GOAL OF THE EXERCISE » Within the material below, transcribe exactly the lines from the one holding "We're going to talk" through the one holding "This is the", keeping both ends and skipping the rest.

AVAILABLE RECORDS »

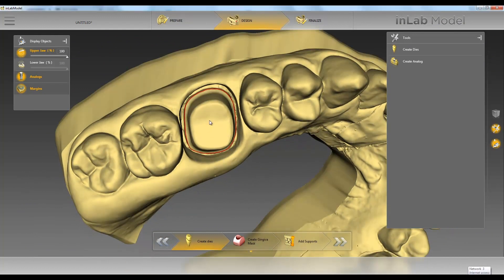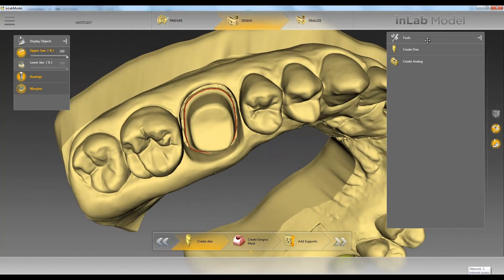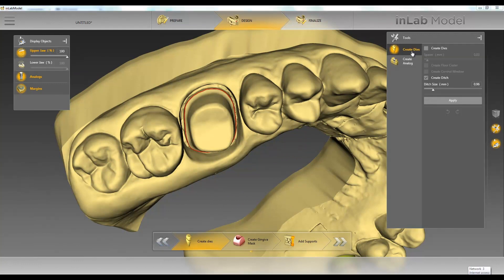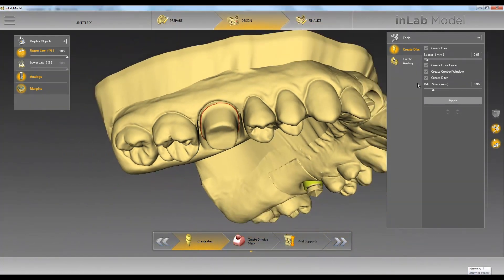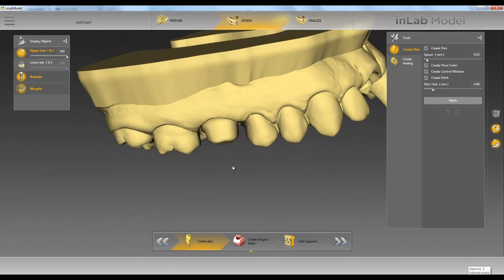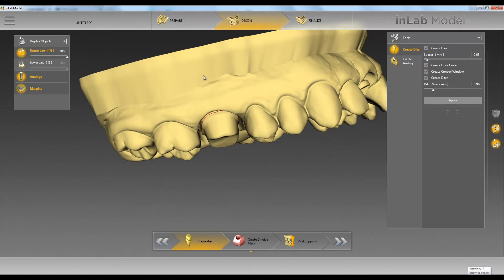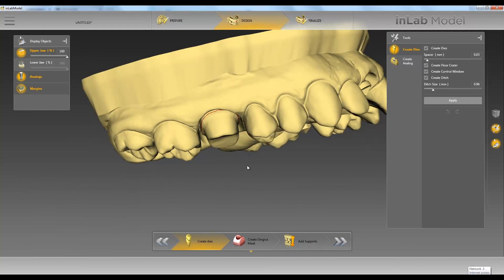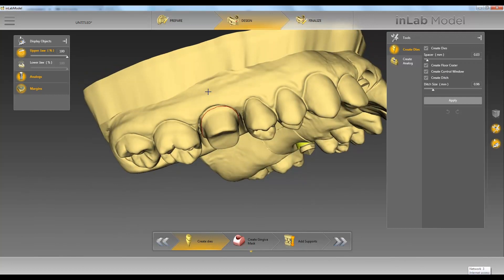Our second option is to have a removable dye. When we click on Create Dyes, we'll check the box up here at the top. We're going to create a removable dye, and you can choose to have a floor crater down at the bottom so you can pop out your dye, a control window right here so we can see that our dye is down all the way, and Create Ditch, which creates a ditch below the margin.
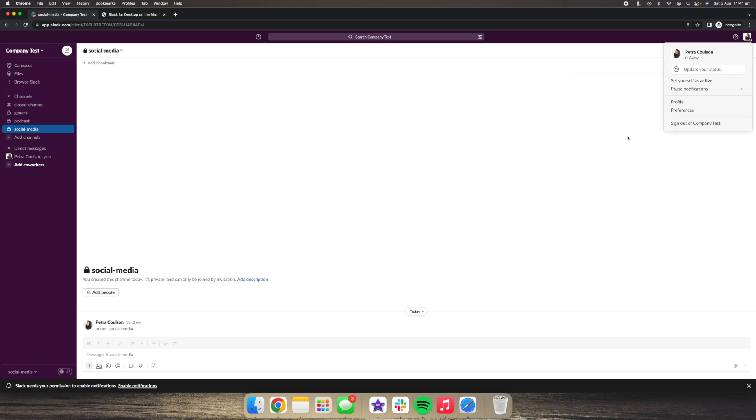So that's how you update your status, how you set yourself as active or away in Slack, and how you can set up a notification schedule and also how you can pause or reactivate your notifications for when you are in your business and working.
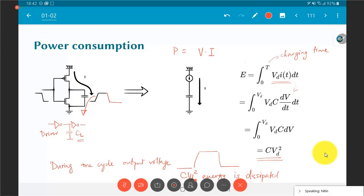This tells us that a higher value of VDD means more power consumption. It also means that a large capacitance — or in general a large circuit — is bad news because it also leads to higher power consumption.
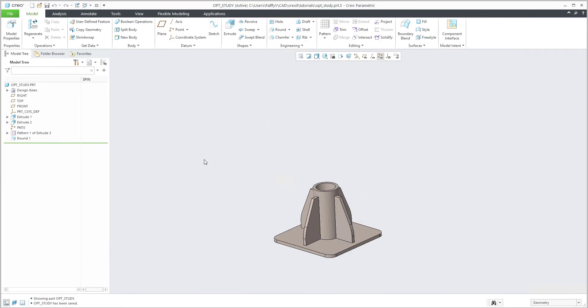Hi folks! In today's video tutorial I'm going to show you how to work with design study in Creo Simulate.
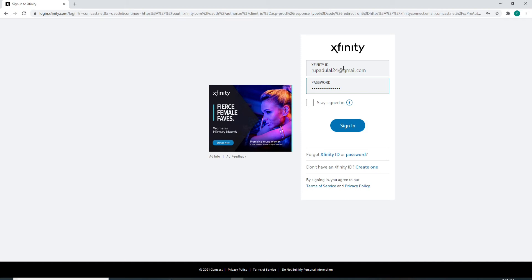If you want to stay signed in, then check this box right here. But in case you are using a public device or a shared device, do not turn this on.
--
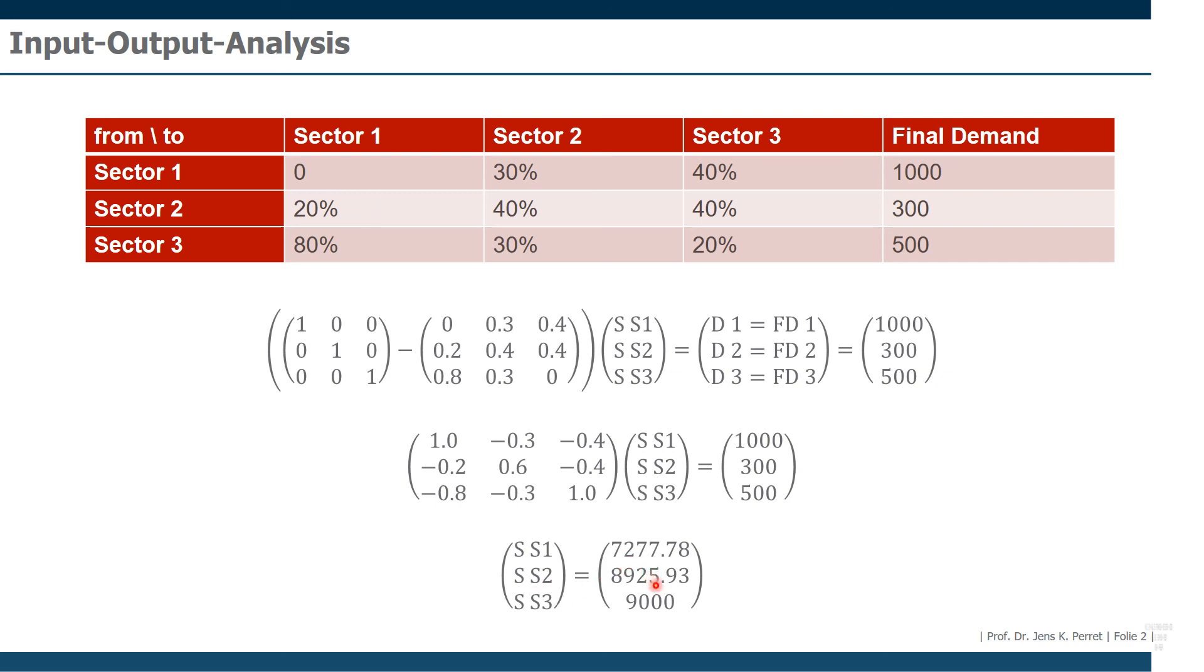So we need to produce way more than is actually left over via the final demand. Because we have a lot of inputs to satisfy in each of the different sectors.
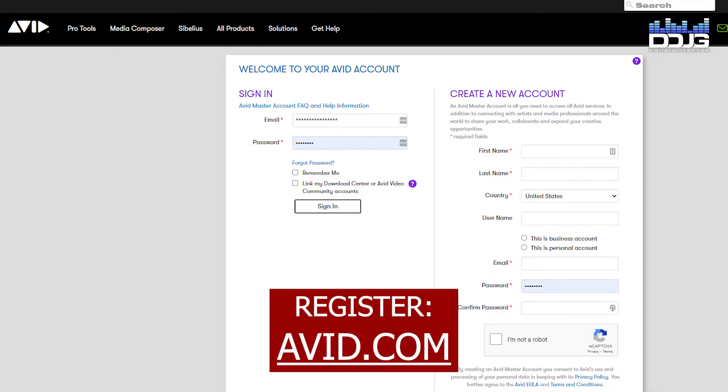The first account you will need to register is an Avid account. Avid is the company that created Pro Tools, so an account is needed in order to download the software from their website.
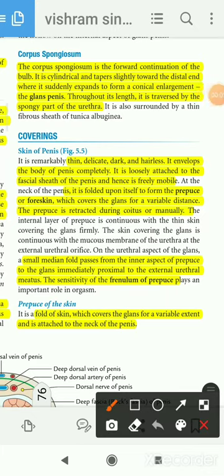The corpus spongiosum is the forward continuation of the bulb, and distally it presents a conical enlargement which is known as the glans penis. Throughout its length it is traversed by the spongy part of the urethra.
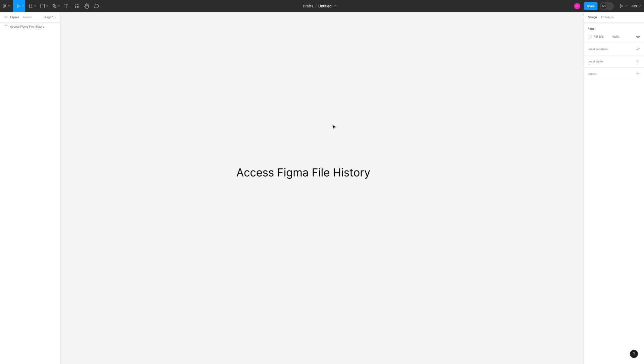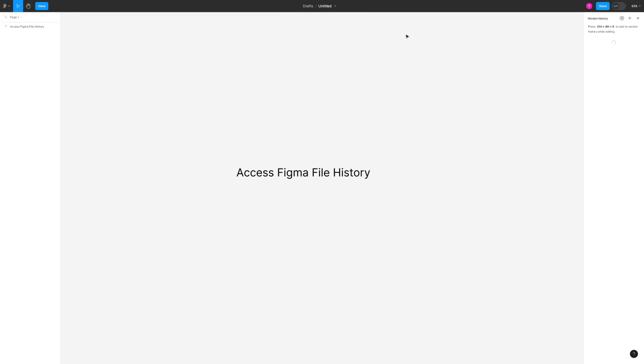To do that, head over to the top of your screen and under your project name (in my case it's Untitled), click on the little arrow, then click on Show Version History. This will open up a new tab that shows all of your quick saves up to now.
--
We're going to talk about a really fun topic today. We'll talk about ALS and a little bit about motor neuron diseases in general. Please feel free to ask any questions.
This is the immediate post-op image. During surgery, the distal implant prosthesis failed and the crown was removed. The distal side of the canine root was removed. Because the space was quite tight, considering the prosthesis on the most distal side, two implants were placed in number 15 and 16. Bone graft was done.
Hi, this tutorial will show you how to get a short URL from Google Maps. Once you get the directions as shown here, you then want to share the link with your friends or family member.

SOLUTION TO THE PROBLEM »
We're going to talk about a really fun topic today. We'll talk about ALS and a little bit about motor neuron diseases in general. Please feel free to ask any questions.
This is the immediate post-op image. During surgery, the distal implant prosthesis failed and the crown was removed. The distal side of the canine root was removed. Because the space was quite tight, considering the prosthesis on the most distal side, two implants were placed in number 15 and 16. Bone graft was done.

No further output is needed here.